I avoided playing on FICS for the longest time, then all of a sudden I found myself playing almost nonstop for the past two weeks. I must taper off because it will curve my spine, rot my mind and make me go bald! ( well... I exagerate)
I need to get back to the discipline of my training routine. I won last night's came only by dumb luck as I was playing for cheap shots ( like i did on FICS) I ended up missing having my Queen and Rook skewered. I got lucky because the kid droppped a rook and thus I was up a piece.
The previous week I had a good attack forming against a 1700+ player but I couldn't sustain the intiative. The problem with the Smith Morra ( as well as other Gambits) is once the rush dies out, you have to play with a pawn down.
So its back to the Spartan regimine of GM-RAM, Ct-Art, going over GM games of my openings and of course the Alburt 300 Pocket Chess Training with Olga Zoueva in her sexy black dress on the cover. That's why I bought the book. ;)
-BP
3 comments:
I think it's good to let out your inner scholastic player once in a while -- or way too often. Sometimes a few time scramble blitz games are just what I need to remind me why I love playing chess.
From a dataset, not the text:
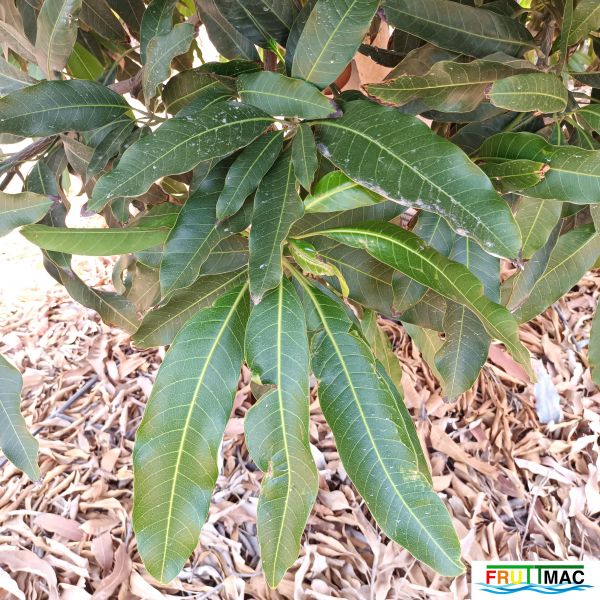 Archivo:621imageIMG 20240716 114211(1).jpg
In a way it soothes the brain as a distraction from intense study.
you are not alone...i binge on internet chess and have to hide it. sometimes, my wife will be telling me not to play internet chess, and i lie to her and say i'm looking at porn, but she knows me too well and doesn't beleive me...we all have our demons...
on a serious note: i cannot play chess daily, weekly, or even monthly. i tend to ONLY train for MONTHS then (of course, in a very serious way, but with diminished stress in a way), when i thirst for battle, i play every single
day for one to two months (and get a great mind workout, but in the end exhausting, and notice my brain chemistry modified.
im not kidding, chess affects our brain chemistry--as in the Braveman Accessment, of the four major neurotransmitters found in synaptic vesicles: dopamine, acetylcholine, GABA, and serotoin.
sometimes, as you suggest, we cannot stop and play twenty or thirty games in a night. i come in to work the next day and describe "IT" to my of course non-chess pals, and they dont get it.
i like intermitent chess, as real chess is just too intense for daily fare, for me at least--one mans opinion.